→ **Material supplied**:
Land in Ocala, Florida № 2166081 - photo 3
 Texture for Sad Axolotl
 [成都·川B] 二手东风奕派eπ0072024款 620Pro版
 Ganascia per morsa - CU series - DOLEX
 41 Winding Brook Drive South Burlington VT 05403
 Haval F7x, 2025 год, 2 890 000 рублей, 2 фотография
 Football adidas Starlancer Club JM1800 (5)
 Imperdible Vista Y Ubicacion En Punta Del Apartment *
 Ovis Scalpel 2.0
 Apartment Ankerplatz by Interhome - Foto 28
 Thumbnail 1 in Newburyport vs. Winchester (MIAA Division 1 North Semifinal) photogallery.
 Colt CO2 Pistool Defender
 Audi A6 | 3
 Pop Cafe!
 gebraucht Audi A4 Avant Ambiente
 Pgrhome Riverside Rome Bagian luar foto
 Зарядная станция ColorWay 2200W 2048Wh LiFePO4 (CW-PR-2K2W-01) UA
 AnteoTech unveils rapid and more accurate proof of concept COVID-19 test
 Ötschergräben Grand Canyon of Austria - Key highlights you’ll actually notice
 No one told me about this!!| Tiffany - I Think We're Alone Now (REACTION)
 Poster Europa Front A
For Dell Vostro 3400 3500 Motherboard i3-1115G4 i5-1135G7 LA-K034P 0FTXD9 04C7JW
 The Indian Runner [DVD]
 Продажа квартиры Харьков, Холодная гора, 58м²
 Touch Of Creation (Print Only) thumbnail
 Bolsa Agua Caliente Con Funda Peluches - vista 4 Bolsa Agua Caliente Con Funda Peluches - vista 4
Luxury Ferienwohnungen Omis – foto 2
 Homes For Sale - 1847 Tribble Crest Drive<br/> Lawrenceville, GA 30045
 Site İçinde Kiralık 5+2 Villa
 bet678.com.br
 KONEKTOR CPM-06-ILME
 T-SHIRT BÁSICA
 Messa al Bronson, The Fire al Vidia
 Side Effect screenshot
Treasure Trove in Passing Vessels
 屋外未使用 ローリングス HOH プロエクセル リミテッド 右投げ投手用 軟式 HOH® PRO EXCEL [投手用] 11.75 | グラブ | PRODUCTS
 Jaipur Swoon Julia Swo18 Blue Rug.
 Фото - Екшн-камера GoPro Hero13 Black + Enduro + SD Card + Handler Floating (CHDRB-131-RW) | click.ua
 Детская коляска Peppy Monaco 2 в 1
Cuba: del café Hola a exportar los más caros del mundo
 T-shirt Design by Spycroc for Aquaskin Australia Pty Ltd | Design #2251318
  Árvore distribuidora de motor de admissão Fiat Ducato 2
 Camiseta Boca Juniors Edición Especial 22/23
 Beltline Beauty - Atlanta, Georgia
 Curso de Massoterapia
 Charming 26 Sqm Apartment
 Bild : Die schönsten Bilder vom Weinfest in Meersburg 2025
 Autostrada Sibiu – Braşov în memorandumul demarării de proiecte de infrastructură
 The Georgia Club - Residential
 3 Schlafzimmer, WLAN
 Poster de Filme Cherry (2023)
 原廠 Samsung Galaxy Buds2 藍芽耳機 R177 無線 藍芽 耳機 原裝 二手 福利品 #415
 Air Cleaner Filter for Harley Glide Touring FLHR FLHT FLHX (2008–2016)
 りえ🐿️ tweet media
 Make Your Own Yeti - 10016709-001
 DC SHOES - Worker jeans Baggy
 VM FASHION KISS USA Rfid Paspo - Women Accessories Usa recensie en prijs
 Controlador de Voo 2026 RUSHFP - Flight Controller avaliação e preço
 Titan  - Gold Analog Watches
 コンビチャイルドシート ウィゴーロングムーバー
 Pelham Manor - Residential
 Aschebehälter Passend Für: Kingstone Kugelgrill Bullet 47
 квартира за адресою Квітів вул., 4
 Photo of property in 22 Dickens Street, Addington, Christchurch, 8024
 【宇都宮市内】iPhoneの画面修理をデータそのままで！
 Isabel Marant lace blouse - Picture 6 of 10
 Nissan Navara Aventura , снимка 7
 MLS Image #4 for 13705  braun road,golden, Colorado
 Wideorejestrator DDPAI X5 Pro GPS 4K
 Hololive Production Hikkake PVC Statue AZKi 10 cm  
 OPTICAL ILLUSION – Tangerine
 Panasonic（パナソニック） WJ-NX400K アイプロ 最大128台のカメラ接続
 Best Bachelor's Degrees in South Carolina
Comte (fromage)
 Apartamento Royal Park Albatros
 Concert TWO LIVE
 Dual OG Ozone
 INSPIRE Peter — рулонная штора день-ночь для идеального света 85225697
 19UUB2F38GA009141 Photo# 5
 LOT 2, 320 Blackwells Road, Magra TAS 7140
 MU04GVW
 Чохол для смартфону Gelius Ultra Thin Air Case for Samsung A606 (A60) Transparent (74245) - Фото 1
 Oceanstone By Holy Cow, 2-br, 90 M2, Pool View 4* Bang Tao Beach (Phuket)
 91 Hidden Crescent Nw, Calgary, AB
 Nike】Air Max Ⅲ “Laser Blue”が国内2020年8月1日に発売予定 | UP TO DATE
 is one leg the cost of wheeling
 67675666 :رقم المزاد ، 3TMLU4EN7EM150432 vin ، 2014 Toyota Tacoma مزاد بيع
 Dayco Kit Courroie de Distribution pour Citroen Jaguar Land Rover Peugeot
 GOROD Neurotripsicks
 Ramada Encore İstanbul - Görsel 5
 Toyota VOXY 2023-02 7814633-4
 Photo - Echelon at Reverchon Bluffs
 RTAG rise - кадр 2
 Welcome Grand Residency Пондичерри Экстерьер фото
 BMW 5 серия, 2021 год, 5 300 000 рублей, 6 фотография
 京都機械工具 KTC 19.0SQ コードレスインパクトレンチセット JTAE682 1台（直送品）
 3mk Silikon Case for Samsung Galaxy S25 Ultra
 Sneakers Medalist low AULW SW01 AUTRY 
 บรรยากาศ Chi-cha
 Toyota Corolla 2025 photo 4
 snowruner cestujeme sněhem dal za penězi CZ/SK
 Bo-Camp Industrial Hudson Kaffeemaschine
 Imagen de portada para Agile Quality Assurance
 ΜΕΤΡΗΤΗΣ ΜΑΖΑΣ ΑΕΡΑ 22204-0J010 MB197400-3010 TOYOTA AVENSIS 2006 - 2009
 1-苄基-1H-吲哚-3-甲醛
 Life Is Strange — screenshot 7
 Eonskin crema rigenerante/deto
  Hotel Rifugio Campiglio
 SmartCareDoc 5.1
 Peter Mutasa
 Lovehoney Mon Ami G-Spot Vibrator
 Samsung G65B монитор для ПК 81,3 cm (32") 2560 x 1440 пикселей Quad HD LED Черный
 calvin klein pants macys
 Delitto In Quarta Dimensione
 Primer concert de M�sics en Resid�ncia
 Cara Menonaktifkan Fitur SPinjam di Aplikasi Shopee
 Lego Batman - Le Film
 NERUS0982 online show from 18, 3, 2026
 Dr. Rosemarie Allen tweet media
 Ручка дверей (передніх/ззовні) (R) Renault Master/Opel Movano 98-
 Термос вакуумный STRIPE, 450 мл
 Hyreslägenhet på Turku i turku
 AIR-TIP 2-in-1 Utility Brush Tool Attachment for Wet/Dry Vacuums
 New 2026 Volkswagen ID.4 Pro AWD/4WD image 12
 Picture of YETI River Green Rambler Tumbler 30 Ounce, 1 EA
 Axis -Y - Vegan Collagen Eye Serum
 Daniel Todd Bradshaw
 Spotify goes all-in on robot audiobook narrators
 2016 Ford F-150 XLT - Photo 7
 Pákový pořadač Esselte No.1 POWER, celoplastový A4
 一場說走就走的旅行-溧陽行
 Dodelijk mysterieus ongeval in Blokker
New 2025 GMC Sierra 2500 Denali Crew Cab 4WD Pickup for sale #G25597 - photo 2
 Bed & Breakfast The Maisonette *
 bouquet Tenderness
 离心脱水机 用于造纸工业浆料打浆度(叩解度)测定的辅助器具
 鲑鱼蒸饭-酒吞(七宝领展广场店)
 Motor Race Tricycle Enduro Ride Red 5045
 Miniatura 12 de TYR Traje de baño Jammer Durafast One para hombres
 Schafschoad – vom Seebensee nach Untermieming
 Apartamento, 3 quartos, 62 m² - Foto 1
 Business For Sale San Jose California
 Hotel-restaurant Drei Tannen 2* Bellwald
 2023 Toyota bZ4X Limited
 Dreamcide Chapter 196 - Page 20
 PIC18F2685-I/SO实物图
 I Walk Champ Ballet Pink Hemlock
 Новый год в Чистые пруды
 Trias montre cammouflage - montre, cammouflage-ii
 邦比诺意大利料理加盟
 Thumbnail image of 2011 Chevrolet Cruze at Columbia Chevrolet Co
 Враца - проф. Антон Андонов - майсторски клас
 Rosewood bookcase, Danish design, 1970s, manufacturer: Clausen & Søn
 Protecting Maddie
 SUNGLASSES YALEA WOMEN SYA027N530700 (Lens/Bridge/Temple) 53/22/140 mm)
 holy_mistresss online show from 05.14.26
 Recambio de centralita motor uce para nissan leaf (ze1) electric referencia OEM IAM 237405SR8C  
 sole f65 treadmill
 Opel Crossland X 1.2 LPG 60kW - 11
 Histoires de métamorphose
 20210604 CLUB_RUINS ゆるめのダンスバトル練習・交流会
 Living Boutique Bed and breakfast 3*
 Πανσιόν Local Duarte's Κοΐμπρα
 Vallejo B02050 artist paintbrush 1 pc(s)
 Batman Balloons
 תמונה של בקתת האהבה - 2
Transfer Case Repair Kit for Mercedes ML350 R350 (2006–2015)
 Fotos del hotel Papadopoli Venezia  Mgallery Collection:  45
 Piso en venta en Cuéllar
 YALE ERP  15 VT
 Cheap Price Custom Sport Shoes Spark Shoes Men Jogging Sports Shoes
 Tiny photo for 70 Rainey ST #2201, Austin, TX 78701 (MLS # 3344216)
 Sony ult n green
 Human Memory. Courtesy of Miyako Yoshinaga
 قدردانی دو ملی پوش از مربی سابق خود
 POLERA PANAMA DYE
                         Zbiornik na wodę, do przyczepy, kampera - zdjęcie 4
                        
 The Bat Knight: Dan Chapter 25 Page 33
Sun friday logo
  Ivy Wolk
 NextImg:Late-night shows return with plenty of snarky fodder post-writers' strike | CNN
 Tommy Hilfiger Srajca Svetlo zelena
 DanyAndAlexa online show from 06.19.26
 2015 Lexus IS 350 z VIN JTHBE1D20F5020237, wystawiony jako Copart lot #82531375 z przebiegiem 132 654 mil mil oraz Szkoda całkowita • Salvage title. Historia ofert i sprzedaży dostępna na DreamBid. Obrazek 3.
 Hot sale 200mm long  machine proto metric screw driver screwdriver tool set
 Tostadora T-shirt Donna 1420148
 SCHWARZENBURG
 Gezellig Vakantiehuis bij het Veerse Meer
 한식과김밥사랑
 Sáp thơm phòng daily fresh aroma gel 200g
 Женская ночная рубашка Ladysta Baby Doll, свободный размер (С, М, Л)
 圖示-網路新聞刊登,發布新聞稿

→ **To do**: What is wanted is every line from the first line of the entries through the line that contains "Продажа квартиры Харьков, Холодная", given again exactly.

→ **Answer area**:
Land in Ocala, Florida № 2166081 - photo 3
 Texture for Sad Axolotl
 [成都·川B] 二手东风奕派eπ0072024款 620Pro版
 Ganascia per morsa - CU series - DOLEX
 41 Winding Brook Drive South Burlington VT 05403
 Haval F7x, 2025 год, 2 890 000 рублей, 2 фотография
 Football adidas Starlancer Club JM1800 (5)
 Imperdible Vista Y Ubicacion En Punta Del Apartment *
 Ovis Scalpel 2.0
 Apartment Ankerplatz by Interhome - Foto 28
 Thumbnail 1 in Newburyport vs. Winchester (MIAA Division 1 North Semifinal) photogallery.
 Colt CO2 Pistool Defender
 Audi A6 | 3
 Pop Cafe!
 gebraucht Audi A4 Avant Ambiente
 Pgrhome Riverside Rome Bagian luar foto
 Зарядная станция ColorWay 2200W 2048Wh LiFePO4 (CW-PR-2K2W-01) UA
 AnteoTech unveils rapid and more accurate proof of concept COVID-19 test
 Ötschergräben Grand Canyon of Austria - Key highlights you’ll actually notice
 No one told me about this!!| Tiffany - I Think We're Alone Now (REACTION)
 Poster Europa Front A
For Dell Vostro 3400 3500 Motherboard i3-1115G4 i5-1135G7 LA-K034P 0FTXD9 04C7JW
 The Indian Runner [DVD]
 Продажа квартиры Харьков, Холодная гора, 58м²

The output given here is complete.